Dataset items:
————

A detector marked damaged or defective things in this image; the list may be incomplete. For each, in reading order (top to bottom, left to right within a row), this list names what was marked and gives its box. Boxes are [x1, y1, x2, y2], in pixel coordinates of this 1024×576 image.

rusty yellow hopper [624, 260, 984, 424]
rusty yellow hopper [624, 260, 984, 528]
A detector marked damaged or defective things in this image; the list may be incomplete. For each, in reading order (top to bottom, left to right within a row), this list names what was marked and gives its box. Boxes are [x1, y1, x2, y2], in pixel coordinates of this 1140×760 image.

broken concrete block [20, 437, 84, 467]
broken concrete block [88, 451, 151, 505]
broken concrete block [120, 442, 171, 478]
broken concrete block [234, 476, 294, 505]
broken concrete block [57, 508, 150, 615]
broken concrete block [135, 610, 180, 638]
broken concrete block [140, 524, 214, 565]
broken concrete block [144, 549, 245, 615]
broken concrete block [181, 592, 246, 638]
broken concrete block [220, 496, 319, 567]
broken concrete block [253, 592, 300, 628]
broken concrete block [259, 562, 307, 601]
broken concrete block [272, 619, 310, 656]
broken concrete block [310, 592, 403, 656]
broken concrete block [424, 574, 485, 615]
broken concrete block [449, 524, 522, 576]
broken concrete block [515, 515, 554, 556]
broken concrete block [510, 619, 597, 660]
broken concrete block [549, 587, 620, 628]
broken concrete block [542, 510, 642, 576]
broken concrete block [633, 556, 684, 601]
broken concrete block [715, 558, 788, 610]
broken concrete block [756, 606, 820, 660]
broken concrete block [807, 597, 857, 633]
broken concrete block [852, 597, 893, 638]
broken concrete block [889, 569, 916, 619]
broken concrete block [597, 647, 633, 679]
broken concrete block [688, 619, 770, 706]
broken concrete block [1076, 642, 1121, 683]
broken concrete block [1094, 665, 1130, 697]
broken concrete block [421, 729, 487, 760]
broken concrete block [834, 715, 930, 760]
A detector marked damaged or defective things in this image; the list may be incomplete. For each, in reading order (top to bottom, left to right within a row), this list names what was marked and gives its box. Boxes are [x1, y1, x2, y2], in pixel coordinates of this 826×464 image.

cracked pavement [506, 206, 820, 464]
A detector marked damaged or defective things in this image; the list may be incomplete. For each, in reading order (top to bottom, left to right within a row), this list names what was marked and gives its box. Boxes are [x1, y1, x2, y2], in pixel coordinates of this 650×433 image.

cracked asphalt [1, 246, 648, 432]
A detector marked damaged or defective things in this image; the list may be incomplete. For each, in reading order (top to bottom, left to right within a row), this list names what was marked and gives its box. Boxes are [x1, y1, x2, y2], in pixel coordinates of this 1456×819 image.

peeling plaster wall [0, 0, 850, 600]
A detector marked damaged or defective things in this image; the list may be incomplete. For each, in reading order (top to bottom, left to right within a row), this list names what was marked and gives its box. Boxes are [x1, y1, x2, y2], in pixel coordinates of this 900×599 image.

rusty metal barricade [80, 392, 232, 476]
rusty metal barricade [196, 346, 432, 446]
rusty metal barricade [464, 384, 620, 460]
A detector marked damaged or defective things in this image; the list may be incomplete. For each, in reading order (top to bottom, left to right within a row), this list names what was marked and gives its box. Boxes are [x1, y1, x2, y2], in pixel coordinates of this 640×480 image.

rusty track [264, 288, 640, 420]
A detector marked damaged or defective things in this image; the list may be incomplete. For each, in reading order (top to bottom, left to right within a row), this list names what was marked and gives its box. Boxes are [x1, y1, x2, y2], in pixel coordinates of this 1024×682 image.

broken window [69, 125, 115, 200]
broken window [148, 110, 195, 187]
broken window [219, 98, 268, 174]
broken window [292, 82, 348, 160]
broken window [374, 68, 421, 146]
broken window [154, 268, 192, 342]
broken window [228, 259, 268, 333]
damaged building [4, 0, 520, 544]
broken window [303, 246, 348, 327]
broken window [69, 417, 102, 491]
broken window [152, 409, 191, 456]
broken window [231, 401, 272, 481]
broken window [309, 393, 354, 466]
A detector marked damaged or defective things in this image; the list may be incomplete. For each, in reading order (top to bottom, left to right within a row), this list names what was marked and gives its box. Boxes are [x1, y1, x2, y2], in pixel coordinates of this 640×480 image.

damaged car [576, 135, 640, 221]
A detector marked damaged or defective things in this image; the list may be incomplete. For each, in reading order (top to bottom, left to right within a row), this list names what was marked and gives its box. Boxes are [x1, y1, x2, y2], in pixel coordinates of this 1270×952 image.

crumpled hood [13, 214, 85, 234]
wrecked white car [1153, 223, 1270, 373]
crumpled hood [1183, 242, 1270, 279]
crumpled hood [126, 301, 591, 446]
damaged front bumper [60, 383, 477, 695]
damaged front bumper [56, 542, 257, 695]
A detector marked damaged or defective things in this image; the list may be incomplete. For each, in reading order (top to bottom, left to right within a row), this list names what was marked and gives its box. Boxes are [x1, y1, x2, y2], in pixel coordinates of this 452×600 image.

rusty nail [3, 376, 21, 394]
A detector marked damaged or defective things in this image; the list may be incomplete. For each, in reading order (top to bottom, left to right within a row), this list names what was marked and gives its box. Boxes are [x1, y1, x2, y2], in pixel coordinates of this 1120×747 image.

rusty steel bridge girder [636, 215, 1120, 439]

————

ACTIVITY
Each entry in the data should be restated exactly as it was written.

OUTPUT BELOW
A detector marked damaged or defective things in this image; the list may be incomplete. For each, in reading order (top to bottom, left to right within a row), this list names what was marked and gives its box. Boxes are [x1, y1, x2, y2], in pixel coordinates of this 1024×576 image.

rusty yellow hopper [624, 260, 984, 424]
rusty yellow hopper [624, 260, 984, 528]
A detector marked damaged or defective things in this image; the list may be incomplete. For each, in reading order (top to bottom, left to right within a row), this list names what was marked and gives its box. Boxes are [x1, y1, x2, y2], in pixel coordinates of this 1140×760 image.

broken concrete block [20, 437, 84, 467]
broken concrete block [88, 451, 151, 505]
broken concrete block [120, 442, 171, 478]
broken concrete block [234, 476, 294, 505]
broken concrete block [57, 508, 150, 615]
broken concrete block [135, 610, 180, 638]
broken concrete block [140, 524, 214, 565]
broken concrete block [144, 549, 245, 615]
broken concrete block [181, 592, 246, 638]
broken concrete block [220, 496, 319, 567]
broken concrete block [253, 592, 300, 628]
broken concrete block [259, 562, 307, 601]
broken concrete block [272, 619, 310, 656]
broken concrete block [310, 592, 403, 656]
broken concrete block [424, 574, 485, 615]
broken concrete block [449, 524, 522, 576]
broken concrete block [515, 515, 554, 556]
broken concrete block [510, 619, 597, 660]
broken concrete block [549, 587, 620, 628]
broken concrete block [542, 510, 642, 576]
broken concrete block [633, 556, 684, 601]
broken concrete block [715, 558, 788, 610]
broken concrete block [756, 606, 820, 660]
broken concrete block [807, 597, 857, 633]
broken concrete block [852, 597, 893, 638]
broken concrete block [889, 569, 916, 619]
broken concrete block [597, 647, 633, 679]
broken concrete block [688, 619, 770, 706]
broken concrete block [1076, 642, 1121, 683]
broken concrete block [1094, 665, 1130, 697]
broken concrete block [421, 729, 487, 760]
broken concrete block [834, 715, 930, 760]
A detector marked damaged or defective things in this image; the list may be incomplete. For each, in reading order (top to bottom, left to right within a row), this list names what was marked and gives its box. Boxes are [x1, y1, x2, y2], in pixel coordinates of this 826×464 image.

cracked pavement [506, 206, 820, 464]
A detector marked damaged or defective things in this image; the list may be incomplete. For each, in reading order (top to bottom, left to right within a row), this list names what was marked and gives its box. Boxes are [x1, y1, x2, y2], in pixel coordinates of this 650×433 image.

cracked asphalt [1, 246, 648, 432]
A detector marked damaged or defective things in this image; the list may be incomplete. For each, in reading order (top to bottom, left to right within a row), this list names what was marked and gives its box. Boxes are [x1, y1, x2, y2], in pixel coordinates of this 1456×819 image.

peeling plaster wall [0, 0, 850, 600]
A detector marked damaged or defective things in this image; the list may be incomplete. For each, in reading order (top to bottom, left to right within a row), this list names what was marked and gives its box. Boxes are [x1, y1, x2, y2], in pixel coordinates of this 900×599 image.

rusty metal barricade [80, 392, 232, 476]
rusty metal barricade [196, 346, 432, 446]
rusty metal barricade [464, 384, 620, 460]
A detector marked damaged or defective things in this image; the list may be incomplete. For each, in reading order (top to bottom, left to right within a row), this list names what was marked and gives its box. Boxes are [x1, y1, x2, y2], in pixel coordinates of this 640×480 image.

rusty track [264, 288, 640, 420]
A detector marked damaged or defective things in this image; the list may be incomplete. For each, in reading order (top to bottom, left to right within a row), this list names what was marked and gives its box. Boxes are [x1, y1, x2, y2], in pixel coordinates of this 1024×682 image.

broken window [69, 125, 115, 200]
broken window [148, 110, 195, 187]
broken window [219, 98, 268, 174]
broken window [292, 82, 348, 160]
broken window [374, 68, 421, 146]
broken window [154, 268, 192, 342]
broken window [228, 259, 268, 333]
damaged building [4, 0, 520, 544]
broken window [303, 246, 348, 327]
broken window [69, 417, 102, 491]
broken window [152, 409, 191, 456]
broken window [231, 401, 272, 481]
broken window [309, 393, 354, 466]
A detector marked damaged or defective things in this image; the list may be incomplete. For each, in reading order (top to bottom, left to right within a row), this list names what was marked and gives its box. Boxes are [x1, y1, x2, y2], in pixel coordinates of this 640×480 image.

damaged car [576, 135, 640, 221]
A detector marked damaged or defective things in this image; the list may be incomplete. For each, in reading order (top to bottom, left to right within a row), this list names what was marked and gives its box. Boxes are [x1, y1, x2, y2], in pixel coordinates of this 1270×952 image.

crumpled hood [13, 214, 85, 234]
wrecked white car [1153, 223, 1270, 373]
crumpled hood [1183, 242, 1270, 279]
crumpled hood [126, 301, 591, 446]
damaged front bumper [60, 383, 477, 695]
damaged front bumper [56, 542, 257, 695]
A detector marked damaged or defective things in this image; the list may be incomplete. For each, in reading order (top to bottom, left to right within a row), this list names what was marked and gives its box. Boxes are [x1, y1, x2, y2], in pixel coordinates of this 452×600 image.

rusty nail [3, 376, 21, 394]
A detector marked damaged or defective things in this image; the list may be incomplete. For each, in reading order (top to bottom, left to right within a row), this list names what was marked and gives its box. Boxes are [x1, y1, x2, y2], in pixel coordinates of this 1120×747 image.

rusty steel bridge girder [636, 215, 1120, 439]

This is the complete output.